Stretches post session should predominantly be static and should be held for between 20 – 30 seconds. This also applies for partner assisted (PNF) stretches. However, if the athlete is after a more permanent change, then the stretch should be held for 3 minutes (plastic stretch).
When preparing for a session or competition, the warm up will be more dynamic and stretches will be more ballistic in nature.
4. Having coached a number of sports what type of stretching do you advise athletes to do pre & post session?
Gentle run to warm up. Start by mobilizing the back by lying down and lifting the knees to chest. Rotate side to side and rock back and forth. You might also like to reach a leg to the alternate outstretched hand. Then start jogging. Move forward, sideways and backwards. The run should be quite slow and build in intensity as the warm up progresses. The preparation should involve specific movements that the runner is going to perform in the session or in carrying out the competition. If you feel that you just have to stretch, do these intermittently – say every 30-60 seconds. Include areas that are specific to your sport. In running sports this will of course include the legs but I am surprised that many runners neglect areas such as adductors which actually contract twice in each running cycle as opposed to the hamstring once in a cycle. Also, areas such as the upper back, which can become tight when running. This may have an impact on breathing and also on core strength as the shoulders become elevated. So the message is not just to concentrate on the areas such as calves and quadriceps but to listen to your body and spend time keeping yourself in balance.

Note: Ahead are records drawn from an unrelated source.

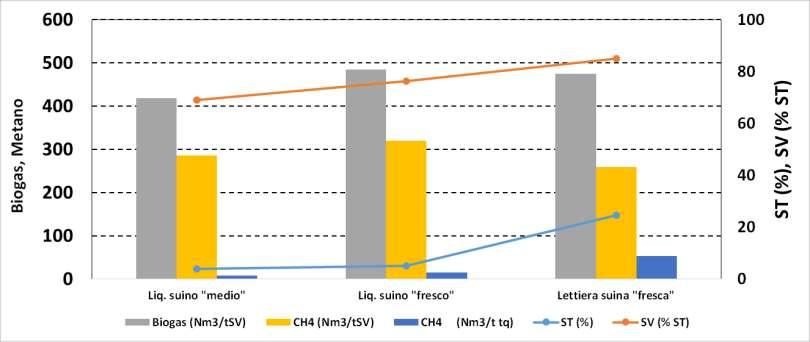 Producibilità metano TEST BMP statico ST (%) SV (% ST) Biogas (Nm 3 /tsv) CH4 (Nm 3 /tsv) CH4 (Nm 3 /t tq) Liq.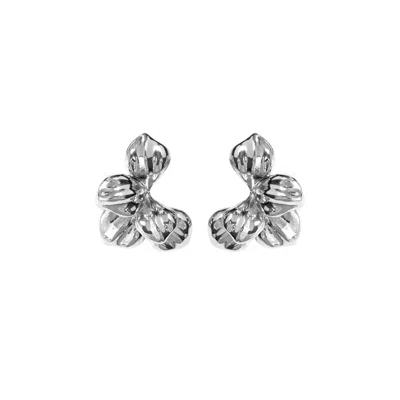 Mg Jewelry Women's Silver Moon Bloom Stud Earrings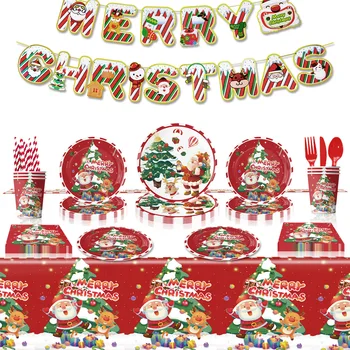 10Guests Fiesta de Navidad Vajillas de dibujos animados de Santa Claus Elk Árbol de Navidad Platos Vasos Servilletas Feliz Fiesta de Navidad Decoración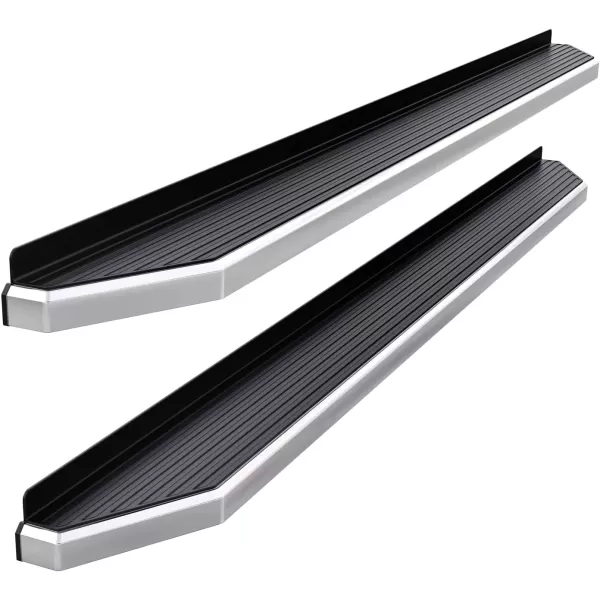imageAPS Running Boards Nerf Bars Side Steps Compatible with Chevy Silverado GMC Sierra 1500 20072018 ampamp 2500 HD 3500 HD 2019 Crew Cab Exclude 07 Classic Stainless Steel Polished Silver 5inPolished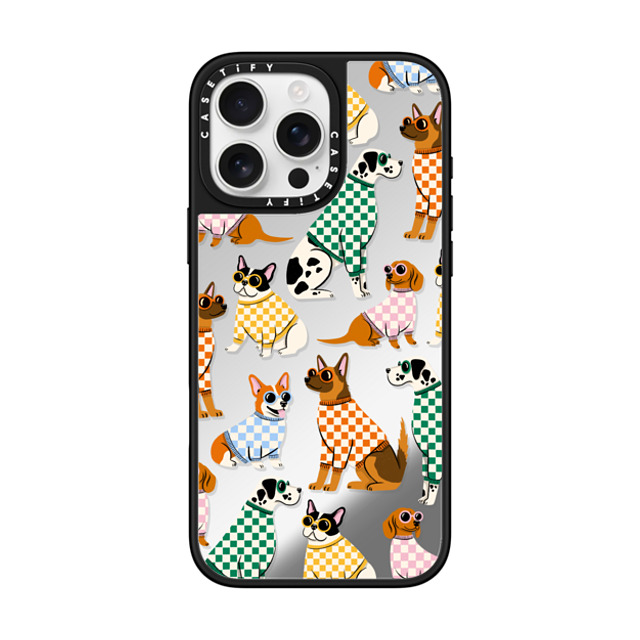 Megan Roy x CASETiFY iPhone 16 Pro Max Case Dog,Cartoon Silver on Black ミラーケース MagSafe対応 Checkered Puppy Pack Back to School Megan Roy x CASETiFY iPhone 16 Pro Max Case Dog,Cartoon Silver on Black ミラーケース MagSafe対応 Checkered Puppy Pack Back to School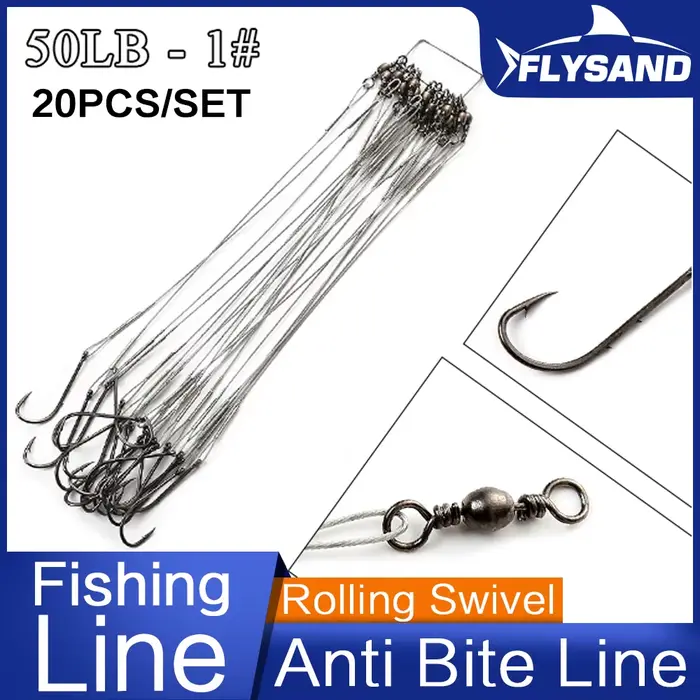 Ligne acier anti-morsure FLYSAND avec hameçon #1 et émerillon 50LB 20 pièces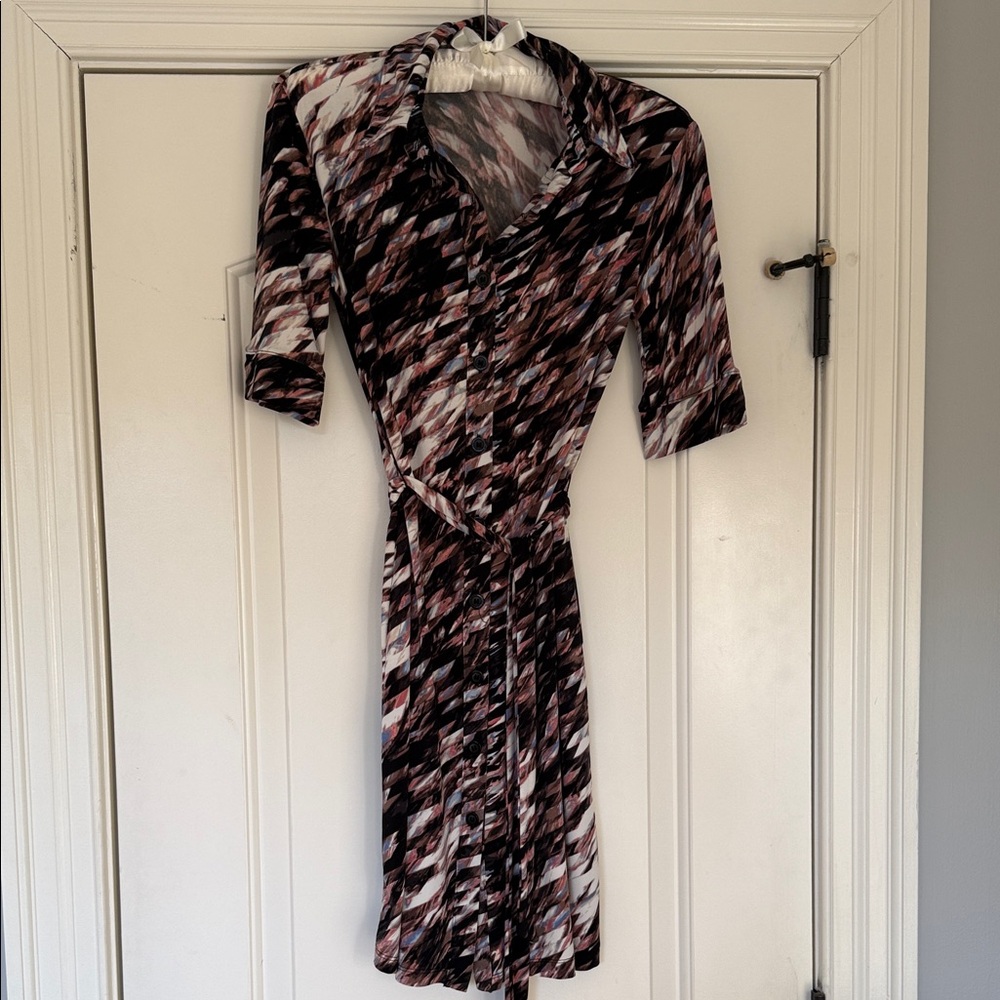Style & Co. Black and Pink Patterned Mini Dress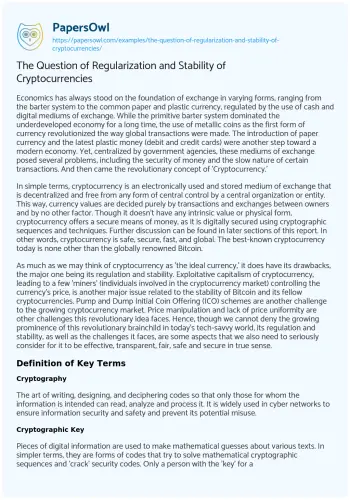 Essay on The Question of Regularization and Stability of Cryptocurrencies 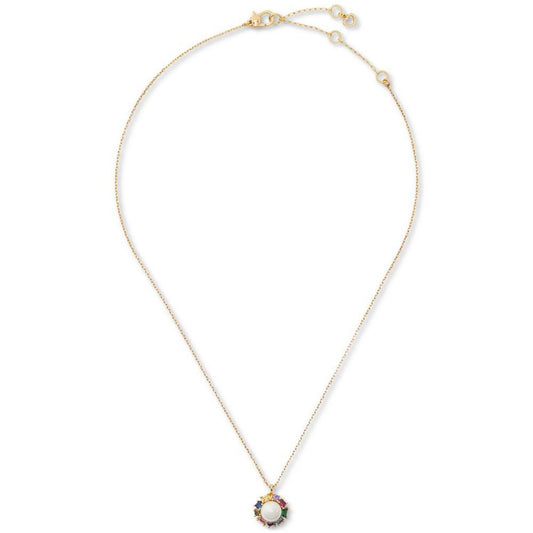 Candy Shop Imitation Pearl Halo Pendant Necklace, 17" + 3" extender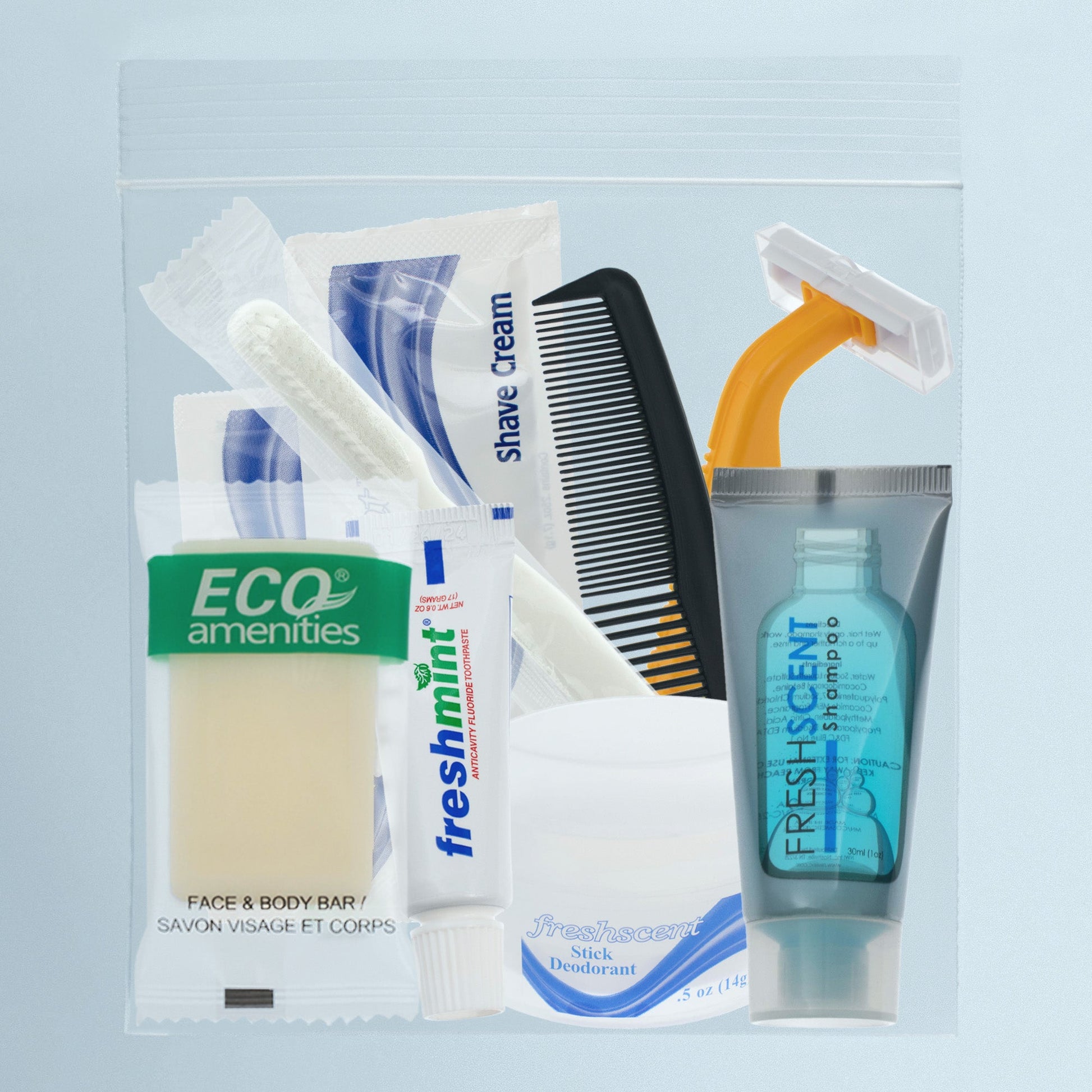 9 Stück Deluxe Wholesale Hygiene Kits - Reise Toilettenzubehör - Massenkoffer von 96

Total body stretching with an emphasis on relaxation and control. Work through the muscles involved in your sport and attend to each area. Hold each stretch for at least 20 – 30 seconds. It is good if you can use partner assisted stretches at this time. An alternative is to use a strap or belt to assist in stretches – particularly of the legs. One key area to include is the iliotibial band (Outside of the upper leg). Stretching this area can prevent problems with either the hip or knee.
Whilst not strictly on stretching, I am also an advocate of water rehabilitation post exercise. I believe that this has the added benefit of relaxing the muscle and makes stretching even easier. The different water pressure (and sometimes temperature) along with the movement in the water has a massaging effect and this can also help to sooth any post session soreness.
5: Any other comments you think would be useful on the subject of stretching?
Stretching does not have to be this boring thing that you add on to the end of a session. You should dedicate quality time to this and include it as a session in itself. Alternatives to “sole” stretching are pilates – which has the added benefit of improving posture and breathing and strength, and of course yoga. Lately I have had my athletes involved in Bikram yoga (this is done in a hot room). For those that are not so flexible this has been of some benefit. I like the idea of sport (not just running) being about improving the person as a whole. Sessions such as stretching, yoga, pilates, taichi, etc have the potential to emphasize more than just increasing range of movement. It gives an individual time to reflect on their performance and any other aspect of their lives that comes to mind. Stretching is not some great panacea but it is certainly an integral part of any balanced and focused program.